Task >> From the line holding "Gabinet stomatologiczny Myśliwska" to the final line below, restate each line word for word and add nothing.

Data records
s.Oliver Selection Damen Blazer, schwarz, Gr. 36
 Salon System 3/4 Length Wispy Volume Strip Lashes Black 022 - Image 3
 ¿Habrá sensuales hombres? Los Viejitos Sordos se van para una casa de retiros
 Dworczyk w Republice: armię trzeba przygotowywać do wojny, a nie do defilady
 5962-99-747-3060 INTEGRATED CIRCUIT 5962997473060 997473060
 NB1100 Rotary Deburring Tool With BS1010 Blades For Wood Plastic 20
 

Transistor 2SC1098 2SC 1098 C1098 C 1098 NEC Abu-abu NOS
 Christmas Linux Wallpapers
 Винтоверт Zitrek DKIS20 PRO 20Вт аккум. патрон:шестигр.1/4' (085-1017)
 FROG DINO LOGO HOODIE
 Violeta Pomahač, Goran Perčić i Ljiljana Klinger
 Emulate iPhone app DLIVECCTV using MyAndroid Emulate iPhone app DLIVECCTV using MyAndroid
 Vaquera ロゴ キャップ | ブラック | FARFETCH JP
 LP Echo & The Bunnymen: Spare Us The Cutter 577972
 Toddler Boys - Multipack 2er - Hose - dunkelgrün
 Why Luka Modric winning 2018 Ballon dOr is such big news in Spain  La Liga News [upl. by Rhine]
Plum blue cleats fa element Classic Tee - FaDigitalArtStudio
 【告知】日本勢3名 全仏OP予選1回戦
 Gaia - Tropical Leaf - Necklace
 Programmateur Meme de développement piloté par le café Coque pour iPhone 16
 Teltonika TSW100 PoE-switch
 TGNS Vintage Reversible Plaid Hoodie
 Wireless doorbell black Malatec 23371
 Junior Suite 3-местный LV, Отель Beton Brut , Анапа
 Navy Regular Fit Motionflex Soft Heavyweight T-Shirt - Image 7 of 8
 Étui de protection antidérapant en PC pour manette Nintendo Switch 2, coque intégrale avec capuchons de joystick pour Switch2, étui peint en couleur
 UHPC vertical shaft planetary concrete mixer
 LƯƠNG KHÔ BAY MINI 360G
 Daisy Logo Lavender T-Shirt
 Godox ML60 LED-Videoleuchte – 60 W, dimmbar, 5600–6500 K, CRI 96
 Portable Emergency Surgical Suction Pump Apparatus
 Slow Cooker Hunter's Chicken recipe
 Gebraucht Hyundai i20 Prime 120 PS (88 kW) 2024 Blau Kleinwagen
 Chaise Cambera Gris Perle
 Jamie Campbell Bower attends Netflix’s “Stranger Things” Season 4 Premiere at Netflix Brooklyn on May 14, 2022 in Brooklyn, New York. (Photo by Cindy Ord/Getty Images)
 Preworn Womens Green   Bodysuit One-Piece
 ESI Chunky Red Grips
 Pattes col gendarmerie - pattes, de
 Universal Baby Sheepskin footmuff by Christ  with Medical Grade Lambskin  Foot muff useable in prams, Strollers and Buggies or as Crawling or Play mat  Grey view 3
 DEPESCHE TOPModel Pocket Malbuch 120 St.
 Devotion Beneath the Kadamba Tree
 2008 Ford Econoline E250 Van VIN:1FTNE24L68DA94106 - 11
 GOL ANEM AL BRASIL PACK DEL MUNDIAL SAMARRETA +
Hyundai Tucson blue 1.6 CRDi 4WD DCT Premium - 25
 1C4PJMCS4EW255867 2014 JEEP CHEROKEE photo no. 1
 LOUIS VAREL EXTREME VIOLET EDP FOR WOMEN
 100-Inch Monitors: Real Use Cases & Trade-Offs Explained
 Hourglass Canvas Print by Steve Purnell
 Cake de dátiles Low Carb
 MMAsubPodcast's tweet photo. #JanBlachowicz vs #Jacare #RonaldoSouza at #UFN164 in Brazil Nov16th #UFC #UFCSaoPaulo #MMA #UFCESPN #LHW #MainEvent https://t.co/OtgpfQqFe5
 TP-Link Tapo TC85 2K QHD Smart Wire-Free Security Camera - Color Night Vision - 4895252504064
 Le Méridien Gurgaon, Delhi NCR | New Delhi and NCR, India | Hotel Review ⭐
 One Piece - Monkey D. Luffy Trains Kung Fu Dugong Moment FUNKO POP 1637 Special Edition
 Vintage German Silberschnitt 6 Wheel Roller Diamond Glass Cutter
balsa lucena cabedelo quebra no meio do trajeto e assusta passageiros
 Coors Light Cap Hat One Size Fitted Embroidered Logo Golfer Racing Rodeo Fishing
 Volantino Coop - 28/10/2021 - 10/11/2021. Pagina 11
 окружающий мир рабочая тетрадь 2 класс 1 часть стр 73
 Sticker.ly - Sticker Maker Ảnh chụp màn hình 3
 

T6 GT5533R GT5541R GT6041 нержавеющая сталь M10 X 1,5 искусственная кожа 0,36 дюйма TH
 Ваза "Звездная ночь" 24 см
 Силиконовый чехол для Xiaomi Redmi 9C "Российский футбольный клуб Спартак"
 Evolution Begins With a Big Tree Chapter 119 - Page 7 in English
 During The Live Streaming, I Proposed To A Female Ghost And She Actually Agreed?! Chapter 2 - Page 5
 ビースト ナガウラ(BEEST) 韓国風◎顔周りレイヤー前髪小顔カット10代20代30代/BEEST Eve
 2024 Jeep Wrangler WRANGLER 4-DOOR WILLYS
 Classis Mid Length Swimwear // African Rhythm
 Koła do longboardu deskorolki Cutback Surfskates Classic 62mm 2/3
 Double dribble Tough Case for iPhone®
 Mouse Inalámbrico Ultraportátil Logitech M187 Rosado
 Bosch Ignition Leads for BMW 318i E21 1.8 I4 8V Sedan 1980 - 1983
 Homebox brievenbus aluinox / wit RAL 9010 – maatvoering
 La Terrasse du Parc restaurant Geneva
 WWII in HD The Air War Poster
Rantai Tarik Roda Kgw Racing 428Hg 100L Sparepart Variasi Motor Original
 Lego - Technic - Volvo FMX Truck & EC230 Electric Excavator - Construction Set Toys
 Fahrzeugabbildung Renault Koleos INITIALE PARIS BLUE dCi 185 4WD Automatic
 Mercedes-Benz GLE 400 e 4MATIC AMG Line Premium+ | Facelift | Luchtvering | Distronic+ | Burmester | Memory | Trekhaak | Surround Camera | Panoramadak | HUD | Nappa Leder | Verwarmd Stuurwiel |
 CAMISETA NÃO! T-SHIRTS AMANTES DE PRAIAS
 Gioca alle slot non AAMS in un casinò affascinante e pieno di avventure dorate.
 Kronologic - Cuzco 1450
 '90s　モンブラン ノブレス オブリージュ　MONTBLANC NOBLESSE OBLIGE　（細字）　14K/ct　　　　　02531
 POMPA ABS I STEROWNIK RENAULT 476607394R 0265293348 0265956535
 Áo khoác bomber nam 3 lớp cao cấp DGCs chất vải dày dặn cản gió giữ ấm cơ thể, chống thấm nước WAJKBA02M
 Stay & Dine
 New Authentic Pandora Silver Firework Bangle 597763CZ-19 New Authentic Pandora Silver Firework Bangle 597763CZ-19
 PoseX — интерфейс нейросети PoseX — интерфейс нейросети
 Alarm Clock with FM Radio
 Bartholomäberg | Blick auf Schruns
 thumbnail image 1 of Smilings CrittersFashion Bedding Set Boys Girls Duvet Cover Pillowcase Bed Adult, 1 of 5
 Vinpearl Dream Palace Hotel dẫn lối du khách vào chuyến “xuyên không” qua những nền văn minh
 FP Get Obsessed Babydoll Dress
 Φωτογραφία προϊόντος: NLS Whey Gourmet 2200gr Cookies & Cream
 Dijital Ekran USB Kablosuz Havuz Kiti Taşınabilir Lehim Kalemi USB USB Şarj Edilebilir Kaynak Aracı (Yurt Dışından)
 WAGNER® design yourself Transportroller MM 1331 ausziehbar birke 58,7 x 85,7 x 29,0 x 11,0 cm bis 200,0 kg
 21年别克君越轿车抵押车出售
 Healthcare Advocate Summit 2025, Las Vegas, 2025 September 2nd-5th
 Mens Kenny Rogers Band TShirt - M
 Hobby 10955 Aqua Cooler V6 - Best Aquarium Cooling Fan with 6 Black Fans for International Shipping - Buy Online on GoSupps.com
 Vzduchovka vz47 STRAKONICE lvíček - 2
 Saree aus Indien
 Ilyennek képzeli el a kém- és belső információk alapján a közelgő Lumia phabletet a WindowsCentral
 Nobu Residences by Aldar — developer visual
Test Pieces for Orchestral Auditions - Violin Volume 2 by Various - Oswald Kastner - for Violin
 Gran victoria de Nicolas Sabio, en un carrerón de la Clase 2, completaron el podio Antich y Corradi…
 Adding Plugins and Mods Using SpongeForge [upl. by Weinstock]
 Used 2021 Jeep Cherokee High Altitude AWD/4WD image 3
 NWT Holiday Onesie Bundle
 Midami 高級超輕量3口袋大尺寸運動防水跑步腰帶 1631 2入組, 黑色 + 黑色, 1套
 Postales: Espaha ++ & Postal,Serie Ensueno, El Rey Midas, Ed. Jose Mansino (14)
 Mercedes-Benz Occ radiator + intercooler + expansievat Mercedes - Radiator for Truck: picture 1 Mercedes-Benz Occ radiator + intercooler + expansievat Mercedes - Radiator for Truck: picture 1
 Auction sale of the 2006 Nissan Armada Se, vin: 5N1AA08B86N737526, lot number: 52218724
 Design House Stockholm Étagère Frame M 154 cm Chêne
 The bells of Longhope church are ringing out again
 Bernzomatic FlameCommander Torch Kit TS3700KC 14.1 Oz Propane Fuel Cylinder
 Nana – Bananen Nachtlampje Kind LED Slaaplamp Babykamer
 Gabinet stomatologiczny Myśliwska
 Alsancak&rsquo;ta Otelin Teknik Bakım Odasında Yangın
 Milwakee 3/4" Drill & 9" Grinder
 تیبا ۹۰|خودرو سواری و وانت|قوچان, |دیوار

Exercise solution >>
 Gabinet stomatologiczny Myśliwska
 Alsancak&rsquo;ta Otelin Teknik Bakım Odasında Yangın
 Milwakee 3/4" Drill & 9" Grinder
 تیبا ۹۰|خودرو سواری و وانت|قوچان, |دیوار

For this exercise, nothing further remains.